1. — Theft — Argument.
Reference by the county attorney to the failure of appellant to testify, was error.
2. — Certiorari.
There was no such showing made of any fraud or deception practiced upon the trial court as could in any event call for such an order to compel the trial court to correct a bill of exception, even if under any condition the appellate court would be authorized to make such an order.
3. — Theft — Evidence.
Where a witness had testified that an agreement had been made between himself, Watson and appellant, that Watson was to get the car in question and the three would use it to go to Coleman, it was error to refuse to allow the witness to testify that neither he nor his confederates intended to permanently appropriate the car, since where the state used one or both of the confederates of the accused, unless the record strongly suggests that such confederates acted from different purposes and motives than that of the accused, the defense would be entitled to elicit from them that they did not intend to permanently appropriate the car.
4. — Charge — Accomplice.
When the state relies upon more than one accomplice witness, the trial court should instruct the jury that one accomplice cannot corroborate another.
Appeal from the District Court, Eastland County. Tried below before the Hon. J. Frank Sparks, Special Judge.
Appeal from a conviction for theft of property worth more than $50.00; penalty, seven years in the penitentiary.
The opinion states the case.
Chastain Judkins, and Tom J. Cunningham, all of Eastland, for appellant.
A. A. Dawson, State's Attorney, of Austin, for the State.
Conviction for theft of property of the value of more than fifty dollars; punishment seven years in the penitentiary.
There appears in this record in bill of exception No. 13 an objection to the argument of the county attorney. The argument objected to is as follows:
"You have seen John Ainsworth smiling and playing around here with these little flappers around the court room during the trial of this cause and you are going to bring in a verdict that will take that smile off his face and make him serious one time in his life. — He talks to the flappers, but does not choose to talk for you."
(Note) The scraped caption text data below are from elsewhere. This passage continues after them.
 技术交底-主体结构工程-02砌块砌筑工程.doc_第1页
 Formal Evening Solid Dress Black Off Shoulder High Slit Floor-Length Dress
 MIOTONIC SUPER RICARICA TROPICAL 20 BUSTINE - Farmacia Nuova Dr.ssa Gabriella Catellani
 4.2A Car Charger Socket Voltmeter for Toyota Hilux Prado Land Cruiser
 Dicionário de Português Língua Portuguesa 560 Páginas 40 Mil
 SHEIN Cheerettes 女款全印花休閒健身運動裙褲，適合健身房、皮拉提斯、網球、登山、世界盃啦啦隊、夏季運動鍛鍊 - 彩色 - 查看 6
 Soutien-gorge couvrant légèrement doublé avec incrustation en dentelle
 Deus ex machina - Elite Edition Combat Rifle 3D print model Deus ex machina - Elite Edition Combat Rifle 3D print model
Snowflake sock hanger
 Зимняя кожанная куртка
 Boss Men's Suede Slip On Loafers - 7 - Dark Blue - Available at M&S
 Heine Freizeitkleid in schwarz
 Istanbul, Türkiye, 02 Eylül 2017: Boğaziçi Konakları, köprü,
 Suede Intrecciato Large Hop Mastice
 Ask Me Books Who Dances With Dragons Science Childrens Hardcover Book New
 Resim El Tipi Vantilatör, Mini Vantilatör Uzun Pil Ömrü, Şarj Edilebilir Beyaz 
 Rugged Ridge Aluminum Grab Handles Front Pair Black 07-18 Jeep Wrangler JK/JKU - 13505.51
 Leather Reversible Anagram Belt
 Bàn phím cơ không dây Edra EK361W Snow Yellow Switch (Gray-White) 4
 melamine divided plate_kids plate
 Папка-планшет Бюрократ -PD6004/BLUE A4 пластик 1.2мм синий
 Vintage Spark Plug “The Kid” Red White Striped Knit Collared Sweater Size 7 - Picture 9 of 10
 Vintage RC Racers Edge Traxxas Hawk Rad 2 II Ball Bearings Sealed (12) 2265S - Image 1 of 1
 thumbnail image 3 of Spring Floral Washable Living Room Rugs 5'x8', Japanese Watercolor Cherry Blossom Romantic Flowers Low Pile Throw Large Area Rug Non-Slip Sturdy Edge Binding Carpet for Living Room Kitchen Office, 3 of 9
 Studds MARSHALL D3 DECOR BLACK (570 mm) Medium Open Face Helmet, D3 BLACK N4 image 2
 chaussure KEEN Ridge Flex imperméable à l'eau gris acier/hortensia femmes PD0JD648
The objection to this was that it was an allusion to the failure of the defendant to testify in his own behalf. We are constrained to believe the contention well founded. There is in the record an application by the State for a certiorari seeking to have incorporated in this record an amendment to said bill of exception No. 13, which purported amendment omits from the bill the last clause of the argument above quoted referring to appellant's failure to talk to the jury. The application for certiorari is accompanied by a supplemental transcript and a statement of facts heard by the court upon hearing of the motion to correct the record. Without going at length into the question as to whether or not, upon a proper showing of fraud, this court could make an order directing a trial court to forward to this court a corrected bill of exception — we are of opinion that there is no such showing made in this case of any fraud or deception practiced upon the trial court as could in any event call for the granting of such order by us. The case was tried before a special judge. He testified himself upon the hearing, and says in plain language "There was no fraud or deception practiced on me to obtain my signature to bill No. 13, that I know of." The attorneys who prepared the bill of exception testified that same was made from notes taken upon the trial, and that it correctly represented the facts according to their best judgment. We do not believe ourselves authorized to extend the provisions of Art. 828, C. C. P. See Quarles v. State, 37 Tex. Crim. 362.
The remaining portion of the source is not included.